EXERCISE INSTRUCTIONS:
Copy every record exactly, leaving the pictures out.

★ ★ ★ ★ ★ ★ ★

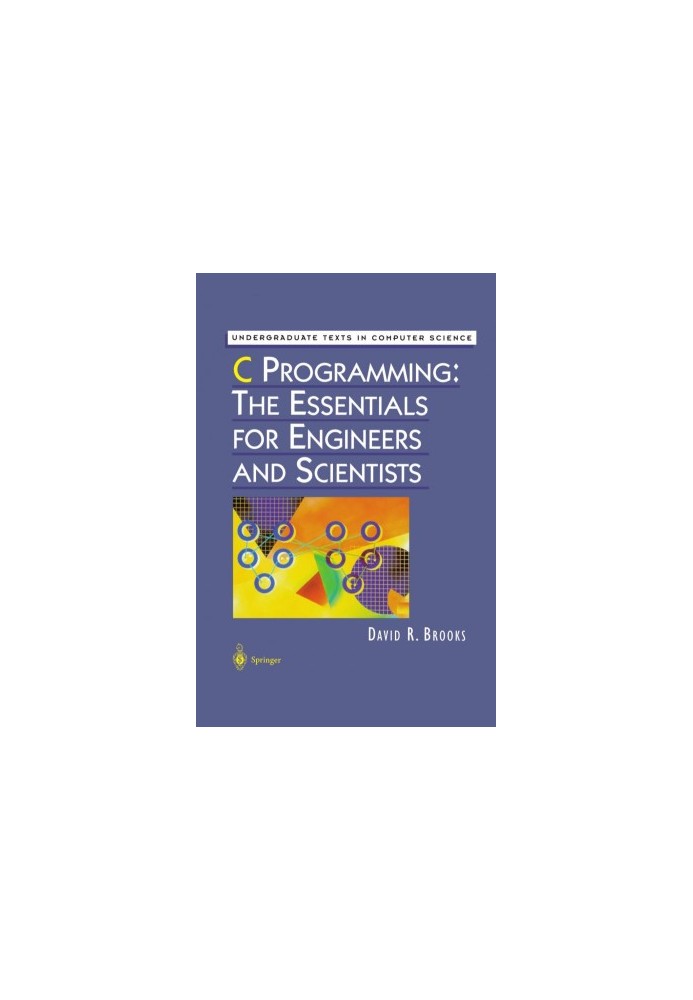C Programming: The Essentials for Engineers and Scientists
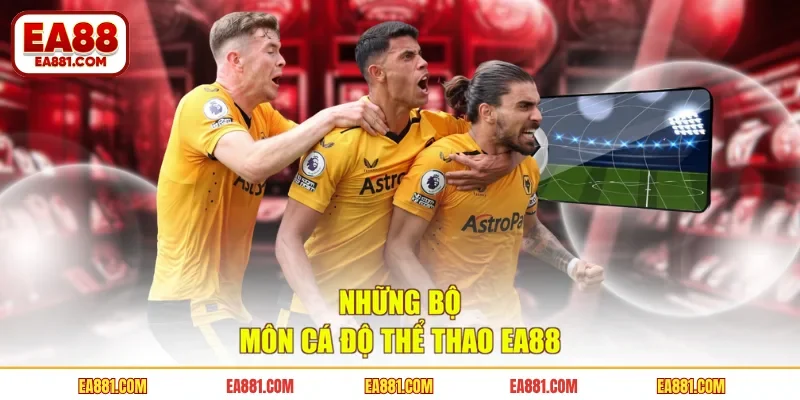 Những bộ môn cá độ thể thao EA88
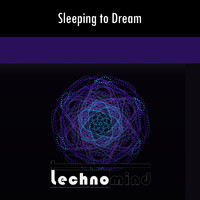 Technomind - Sleeping to Dream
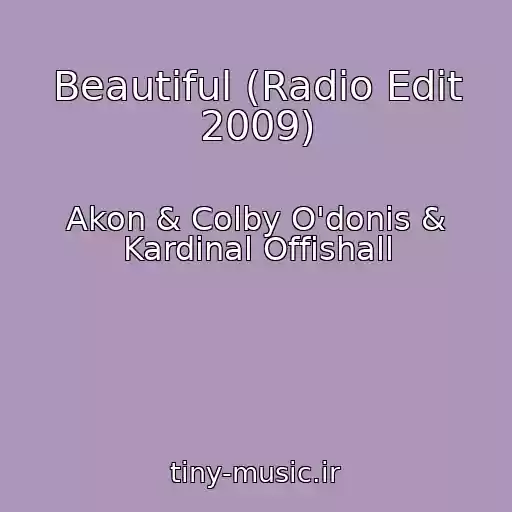 کاور آهنگ Beautiful (Radio Edit 2009) از Akon & Colby O'donis & Kardinal Offishall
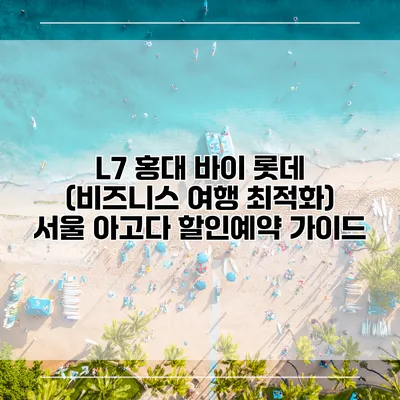 L7 홍대 바이 롯데 (비즈니스 여행 최적화) 서울 아고다 할인예약 가이드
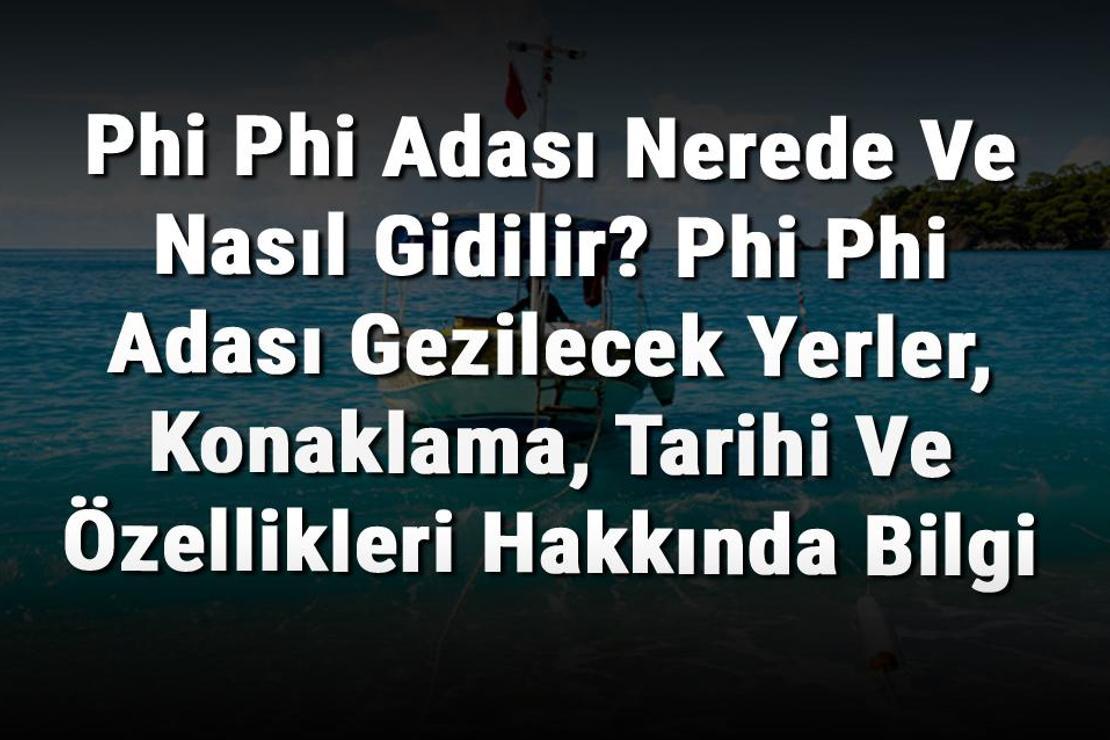 Phi Phi Adası Nerede Ve Nasıl Gidilir? Phi Phi Adası Gezilecek Yerler, Konaklama, Tarihi Ve Özellikleri Hakkında Bilgi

★ ★ ★ ★ ★ ★ ★

OUTPUT OF THE EXERCISE:
C Programming: The Essentials for Engineers and Scientists
 Những bộ môn cá độ thể thao EA88
 Technomind - Sleeping to Dream
 کاور آهنگ Beautiful (Radio Edit 2009) از Akon & Colby O'donis & Kardinal Offishall
 L7 홍대 바이 롯데 (비즈니스 여행 최적화) 서울 아고다 할인예약 가이드
 Phi Phi Adası Nerede Ve Nasıl Gidilir? Phi Phi Adası Gezilecek Yerler, Konaklama, Tarihi Ve Özellikleri Hakkında Bilgi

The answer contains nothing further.